• _TASK TO COMPLETE_: When you reach the line containing "Flat Vector Cross-Section", begin reproducing the lines exactly and continue through the end of the listing, leaving out the pictures.

• _INFORMATION_:
--------------------
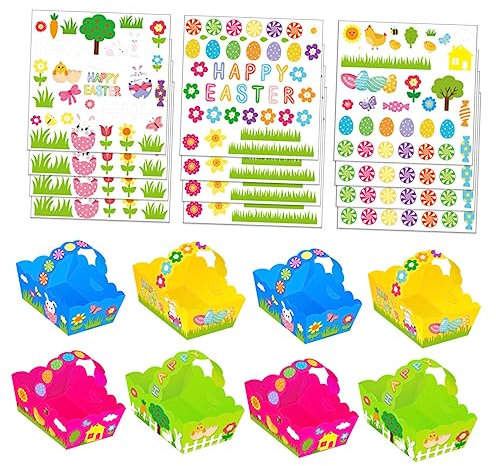 UPKOCH 1satz Ostern Handgefertigte Körbe Mit Aufkleber Farbe Zufällig Bunte Körbe Sticker Für Kreatives Basteln Und Spaß Mit Kindern Für Ostern Und Feste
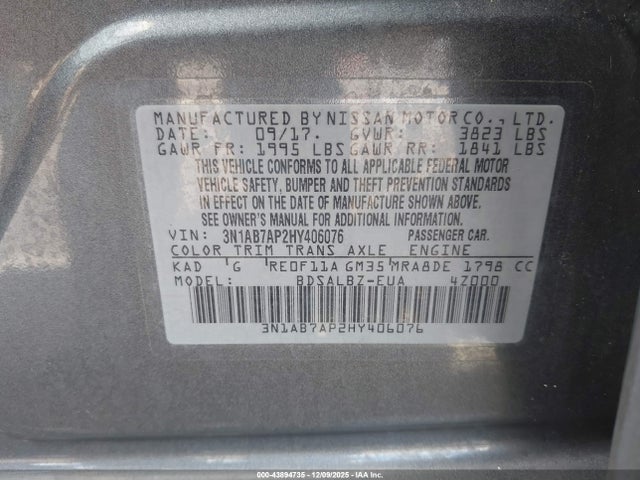 Nissan SENTRA S 2017 3N1AB7AP2HY406076 Image 9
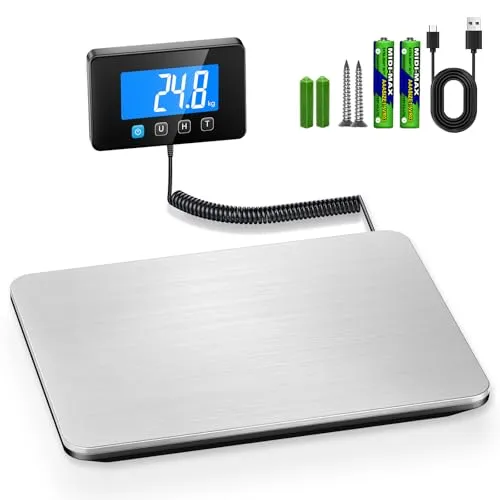 Digitale Paketwaage 200kg/10g Genauigkeit, Plattformwaage & Postwaage mit LCD, TARA/HOLD, USB-C & Batterien, Digitalwaage für Lager, Büro, Zuhause, Briefwaage für kleine Unternehmen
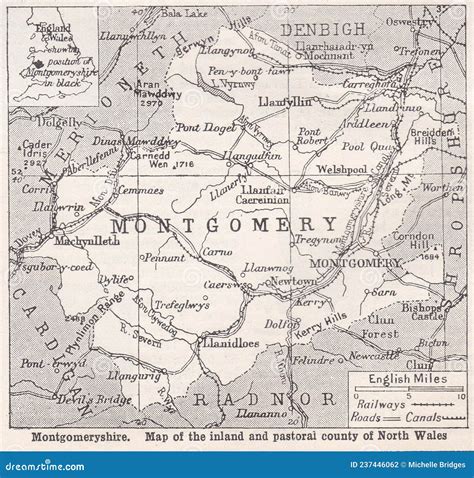 Vintage Map Of Montgomeryshire 1930s Editorial Image | CartoonDealer.com #237446062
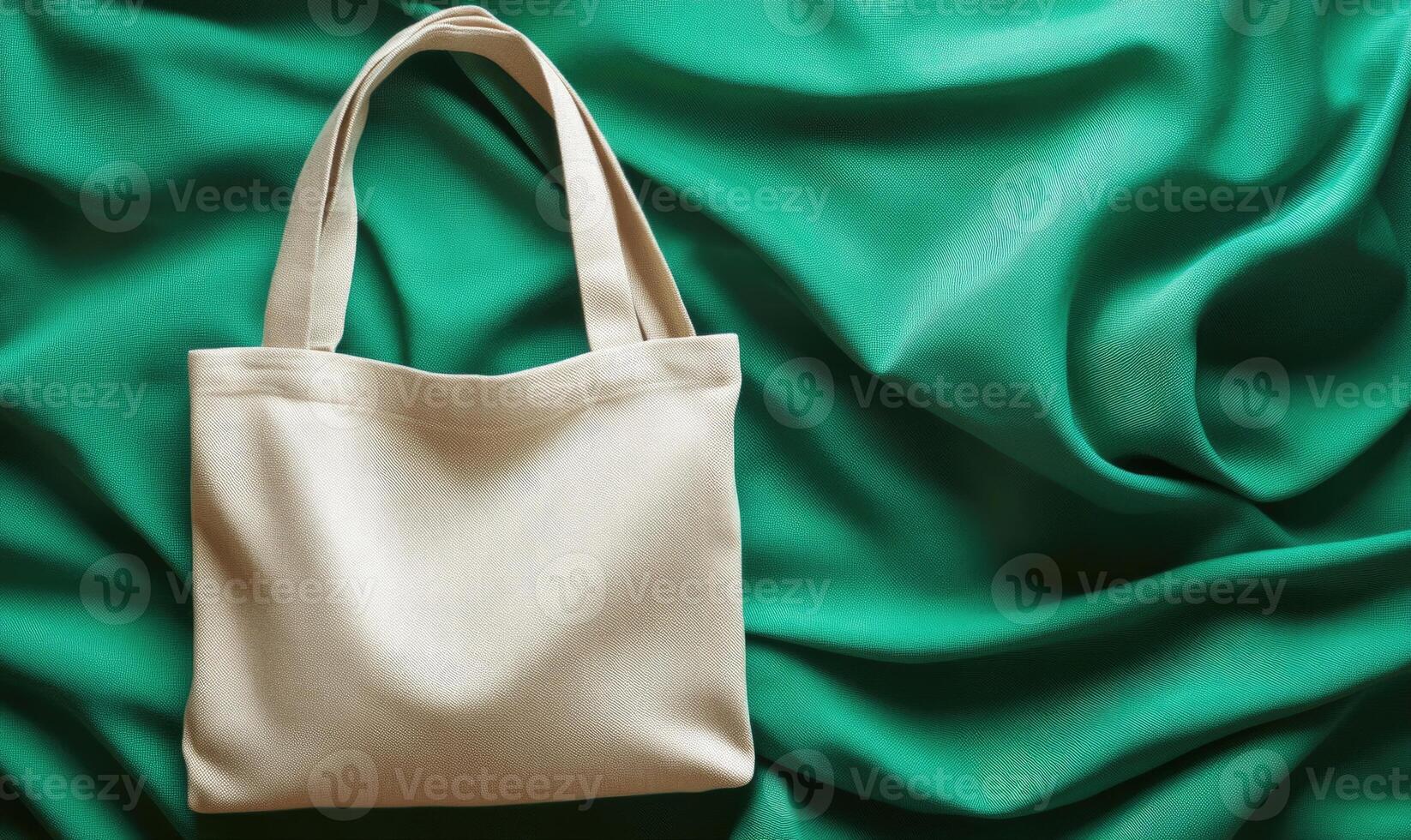 A white purse is on a green background photo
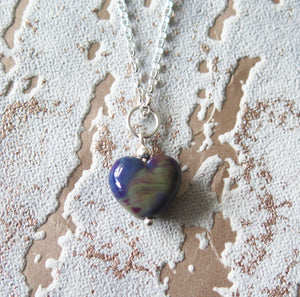 Royal Purple Marble Effect Glass Lampwork Heart Pendant Necklace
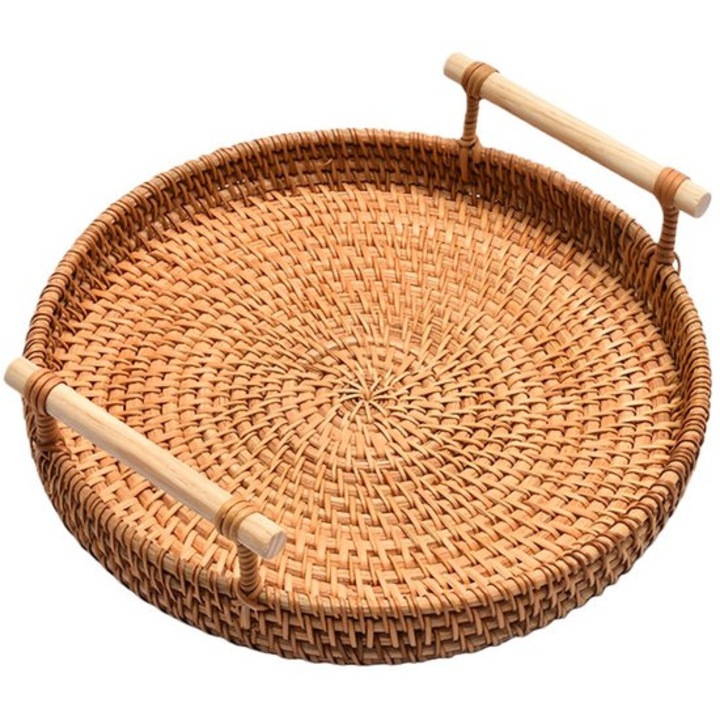 Cos rotund din ratan, 22cm, maro, set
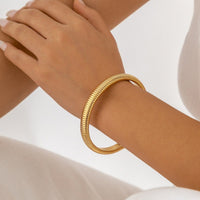 Thumbnail for Geometric Metallic Bangle Bracelet - ArtGalleryZen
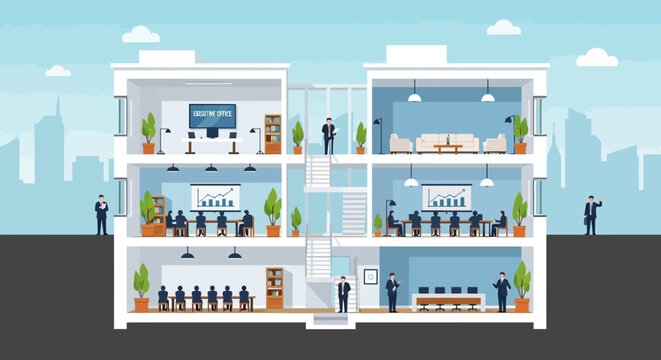 Flat Vector Cross-Section Illustration of a Modern Multi-Story Office Building showing Business People, Meeting Rooms, and Executive Workspaces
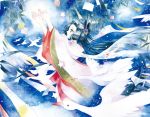  1girl absurdres bird black_hair hands_up highres huge_filesize japanese_clothes kimonohime night night_sky orihime profile sky solo standing tanabata tanzaku the_weaver_girl_and_the_cowherd traditional_media watercolor_(medium) wide_sleeves 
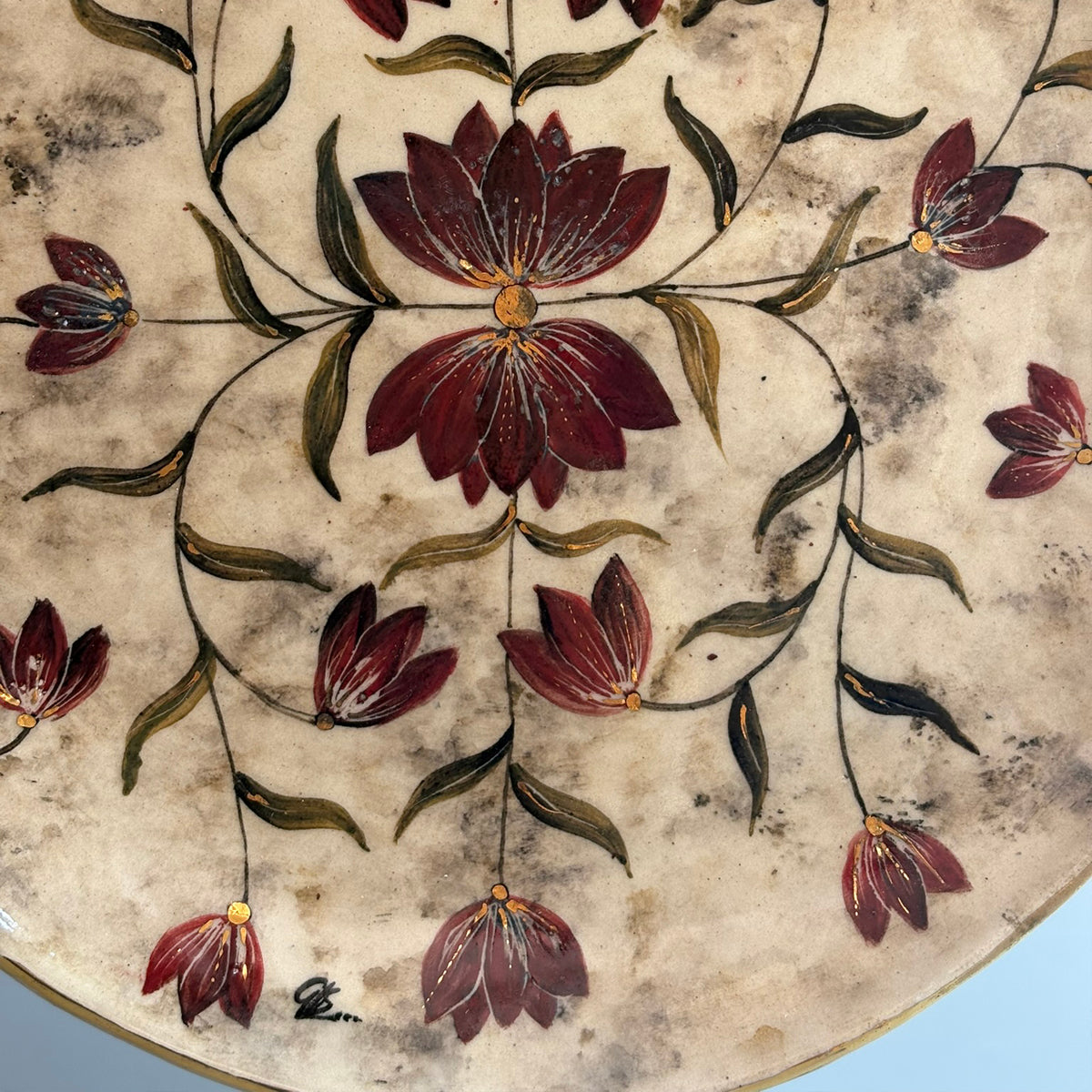 Mughal 10 Inches Dinner Plate Red & Blue - Red & Green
--------------------
• _RESPONSE_:
 Flat Vector Cross-Section Illustration of a Modern Multi-Story Office Building showing Business People, Meeting Rooms, and Executive Workspaces
  1girl absurdres bird black_hair hands_up highres huge_filesize japanese_clothes kimonohime night night_sky orihime profile sky solo standing tanabata tanzaku the_weaver_girl_and_the_cowherd traditional_media watercolor_(medium) wide_sleeves 
 Mughal 10 Inches Dinner Plate Red & Blue - Red & Green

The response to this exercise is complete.